On Monday, the 9th Circuit reversed a district court decision that rejected the critical habitat designated by the Fish and Wildlife Service for protection of the polar bear, which was listed as threatened in 2008. The case is largely a straightforward application of accepted Endangered Species Act principles, but does make a few important points.
As the 9th Circuit pointed out, the district court’s logic was flawed. The district court concluded that FWS had not supported its critical habitat designation because the record did not show that polar bears actually used all of the designated habitat. However, while use of land by polar bears is a sufficient basis to designate habitat, it is not a necessary basis.
That’s why the ESA regulations focus on primary constituent elements, or PCEs. So long as an area contains the primary elements of habitat, the species at issue could use the area as habitat. That is sufficient as a logical matter and that is sufficient under the ESA. The 9th Circuit found that the FWS was not arbitrary and capricious in its analysis of the areas that contained the PCEs, and that was pretty much the end of the case.
The only other aspect of the case worthy of note was the Court’s rejection of Alaska’s complaint that FWS did not respond adequately to Alaska’s comments. The Court’s analysis was short and sweet.

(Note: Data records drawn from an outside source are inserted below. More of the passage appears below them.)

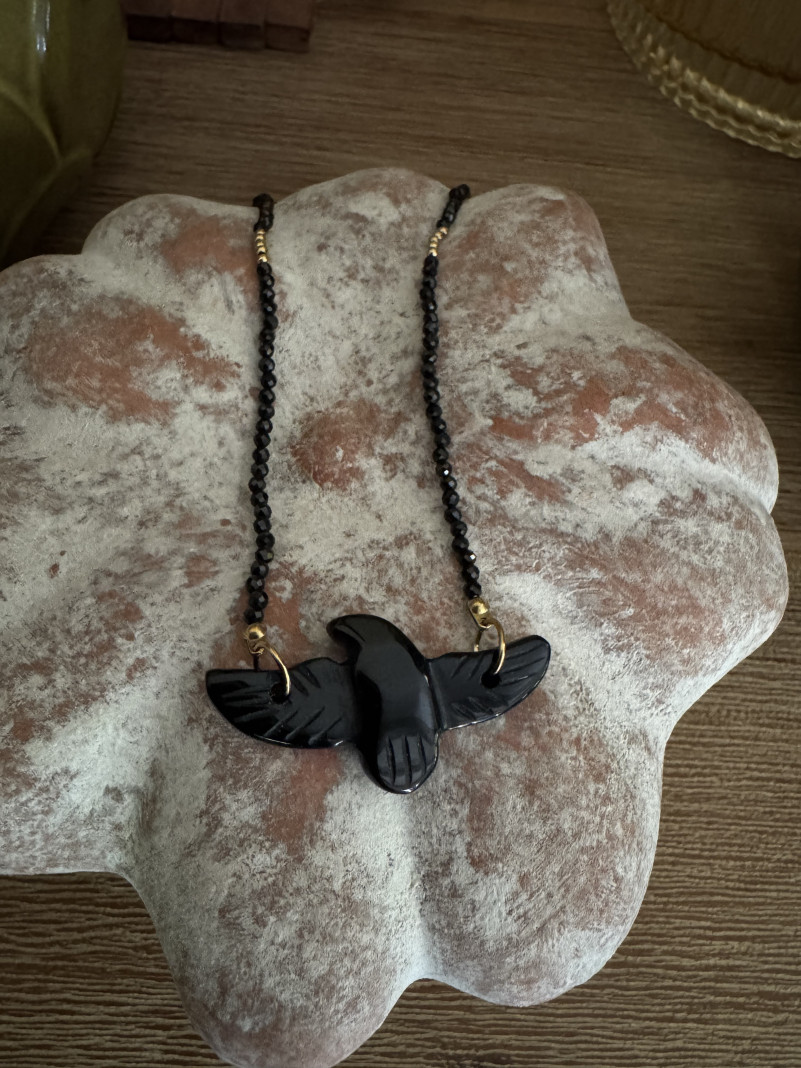 collier Eagle Black avec un aigle en onyx noir monté sur une chaine en acier inoxydable dorée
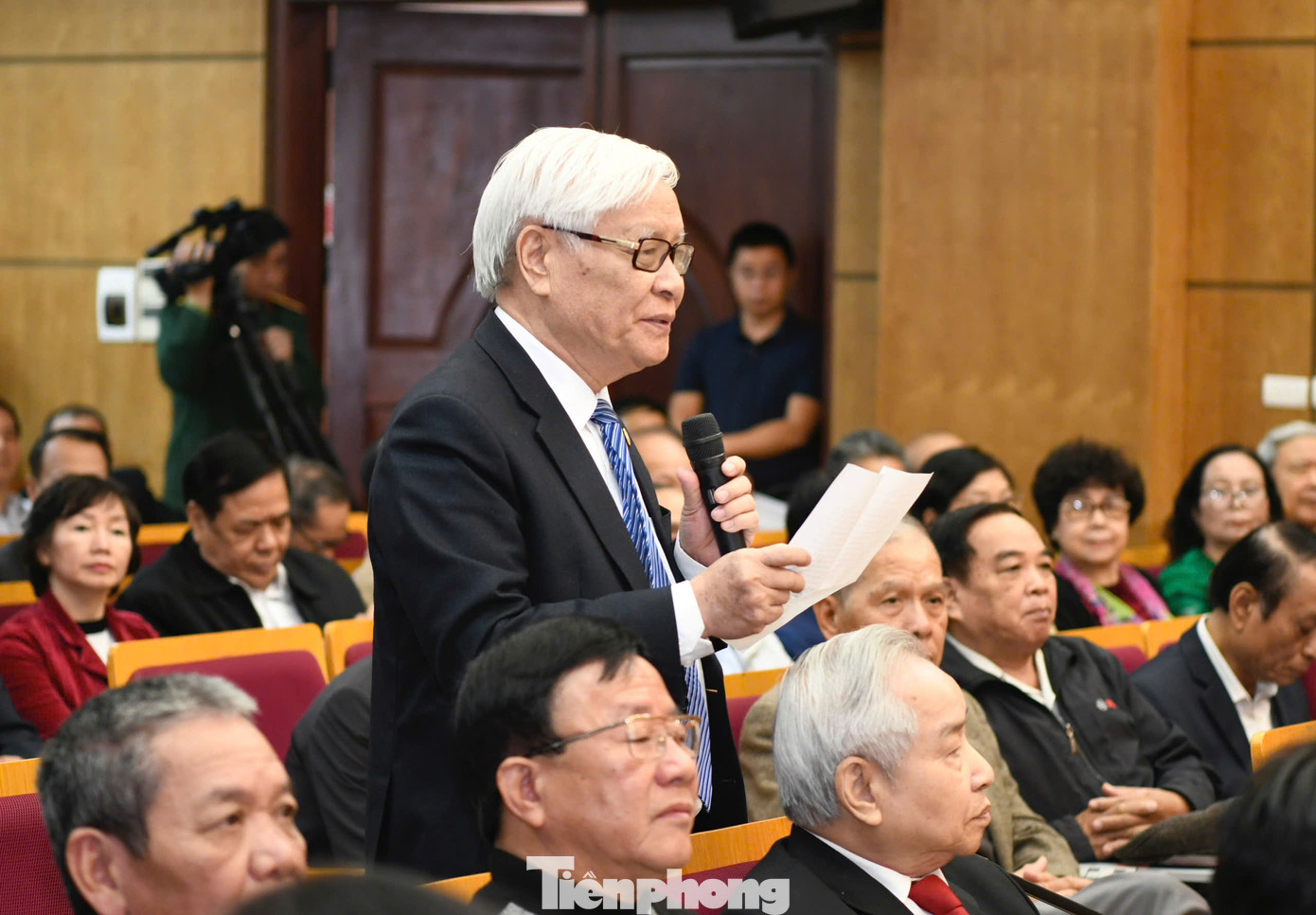 Các cử tri nêu ý kiến tại hội nghị. Ảnh: Như Ý. Các cử tri nêu ý kiến tại hội nghị. Ảnh: Như Ý.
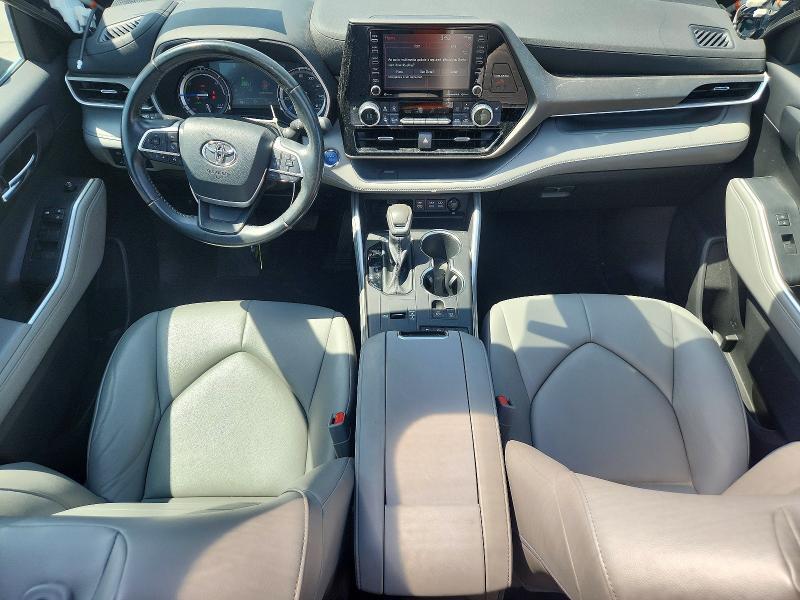 2022 TOYOTA HIGHLANDER HYBRID XLE — Фото 8 из 12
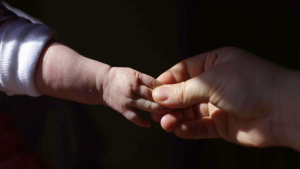 Encontraron droga en su cuerpo: los antecedentes del caso del bebé de nueve meses que está en riesgo vital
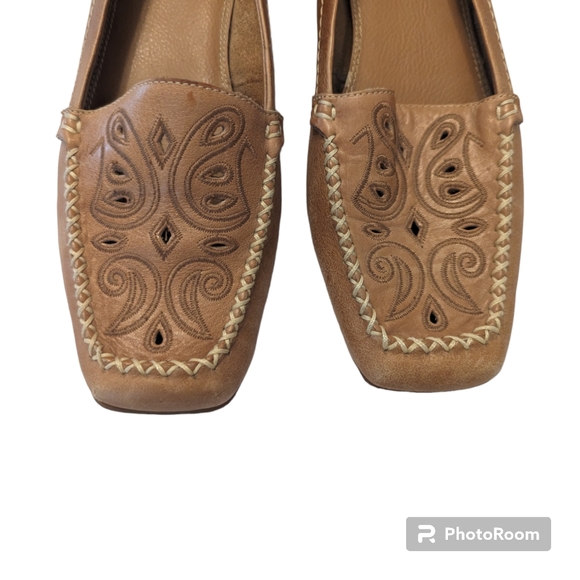 Liz Claiborne Flex Darlow Cut Out Design Tan Leather Loafers Flats. Women's 7 - Picture 7 of 8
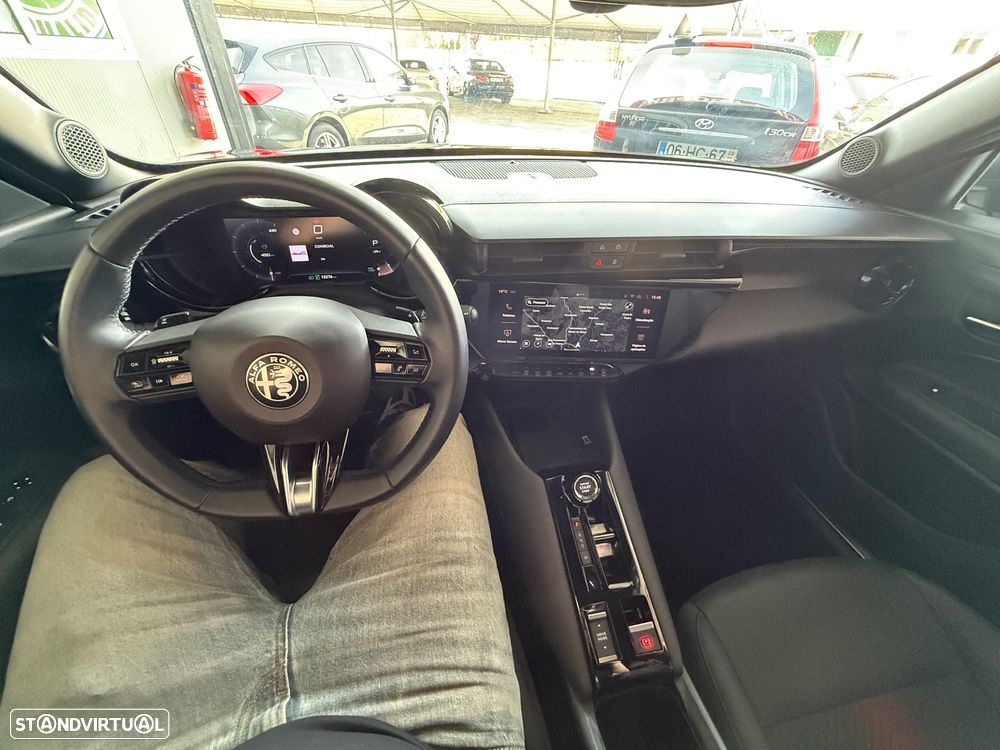 Alfa Romeo Junior 1.2 Speciale eDCT6 - 11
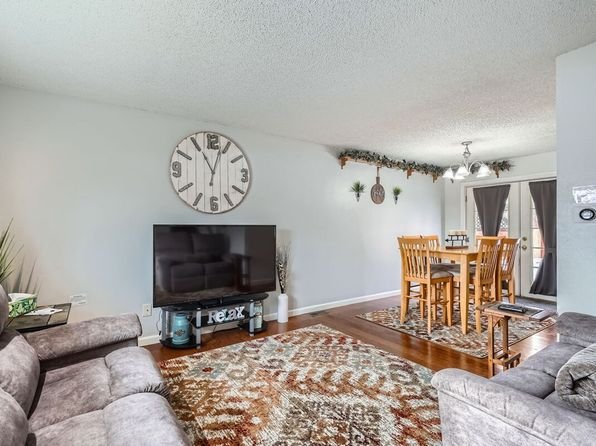 Living Between Denver and Boulder: The Best of Both Worlds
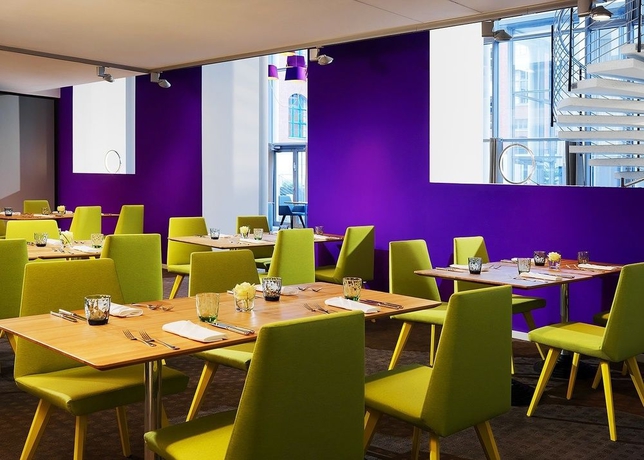 Imagen del bar/restaurante del Hotel Sheraton Hanover Pelikan. Foto 3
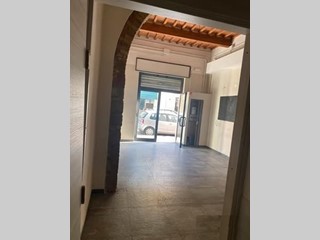 Negozio in Affitto a Livorno, 1'000€, 60 m²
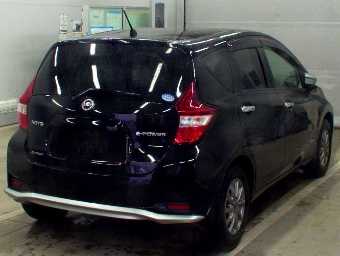 NISSAN NOTE 2018 Image 2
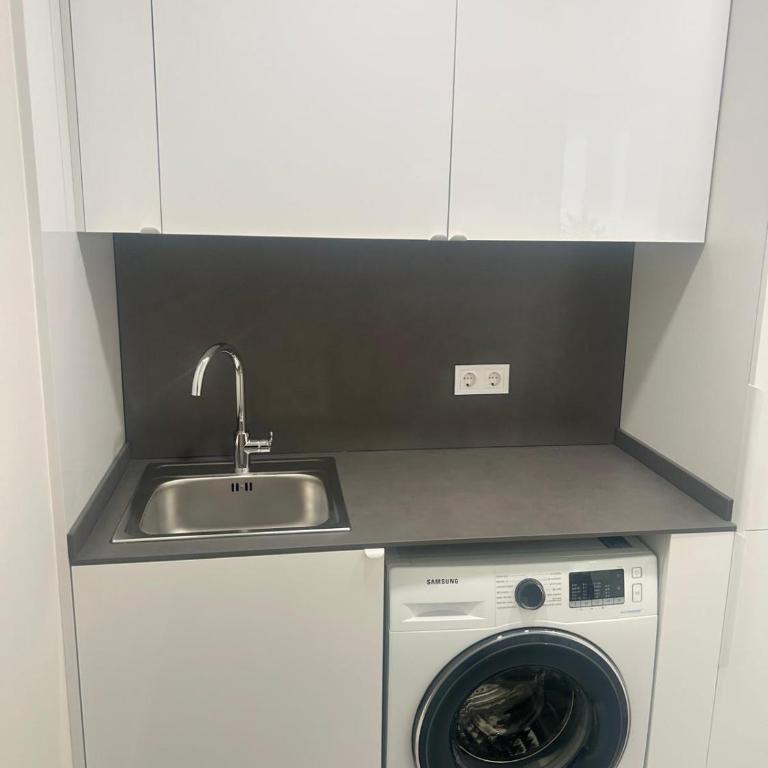 Villa Montjuic Apartments - One-Bedroom Apartment - 15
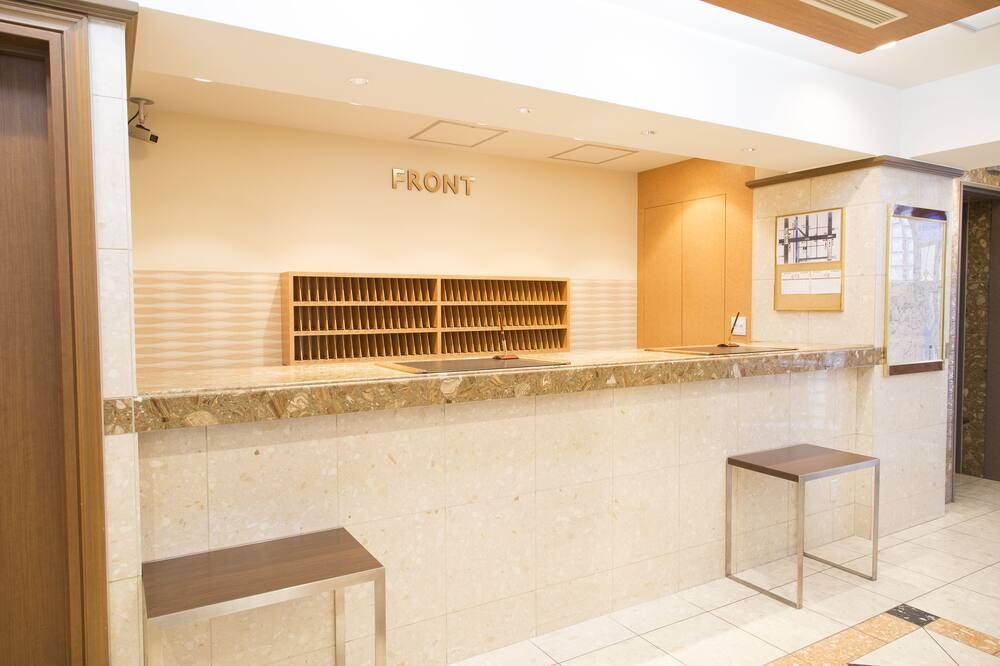 Receptionist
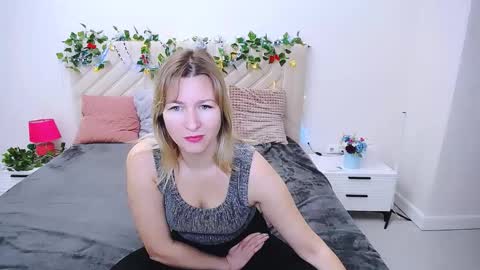 Snapshot of incredible_ariela chatting on 22, 10, 2025 incredible_ariela online show from 22, 10, 2025
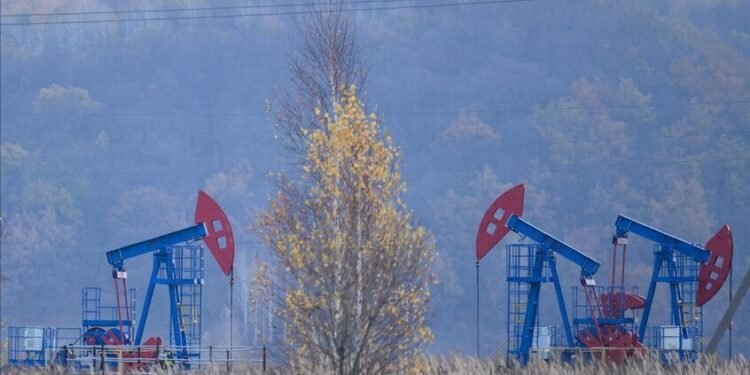 النفط يرتفع مع تراجع المخزونات الأميركية
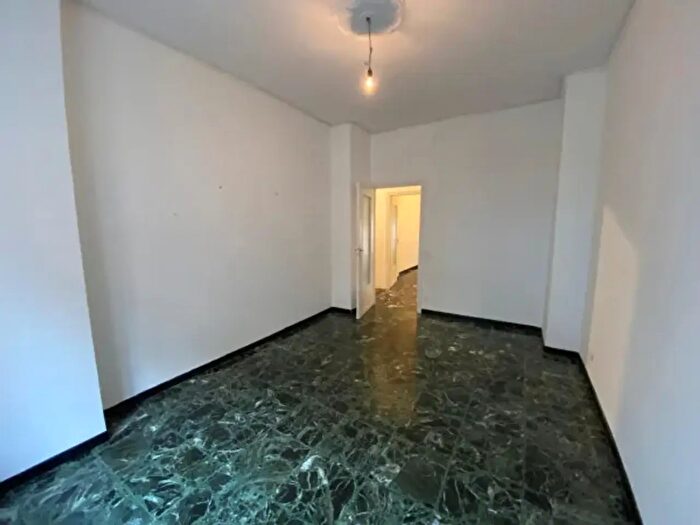 Appartamento trilocale in vendita in Via Domenico Ratti, Asti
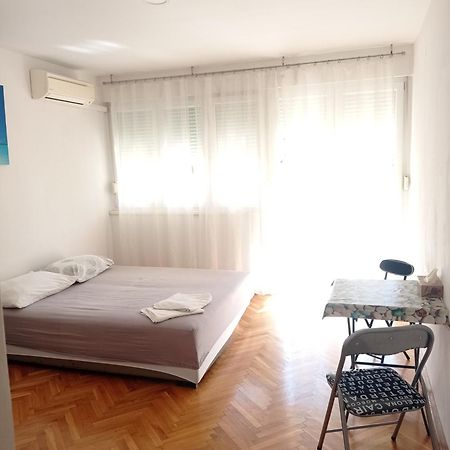 Pretty Big Double Bed Room With Balcony Split Exterior foto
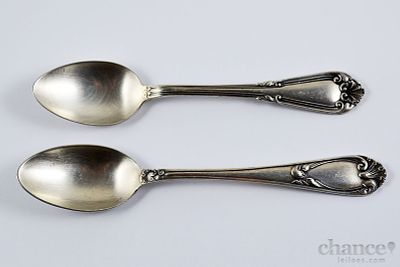 Duas Colheres com diferentes decora&ccedil;&otilde;es em Prata Portuguesa, contraste &Aacute;guia com toque 835. 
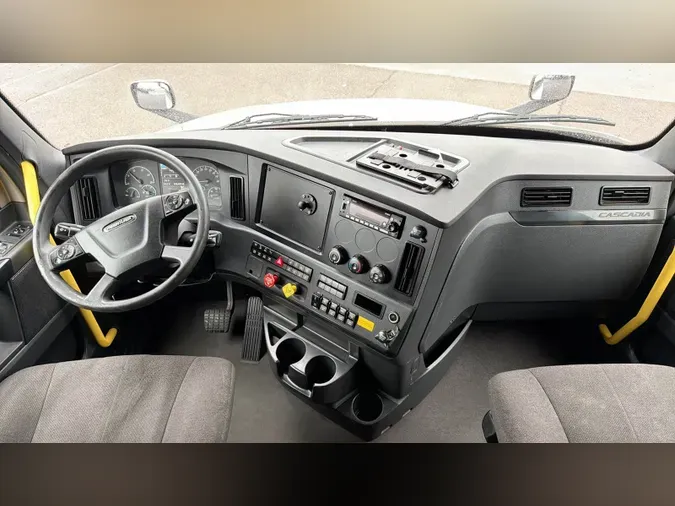 2025 Freightliner Cascadia 126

FWS’s letter highlighted the basis for its positions on the contested issues and therefore, effectively addressed [Alaska’s] comments. It is clear FWS responded, in some way, to each of [Alaska’s] substantive comments. Alaska seems to disagree with the substantive content of those responses. Yet Section 4(i) does not guarantee that the State will be satisfied with FWS’s response.
Besides, the Court neglected to mention, polar bears are cute.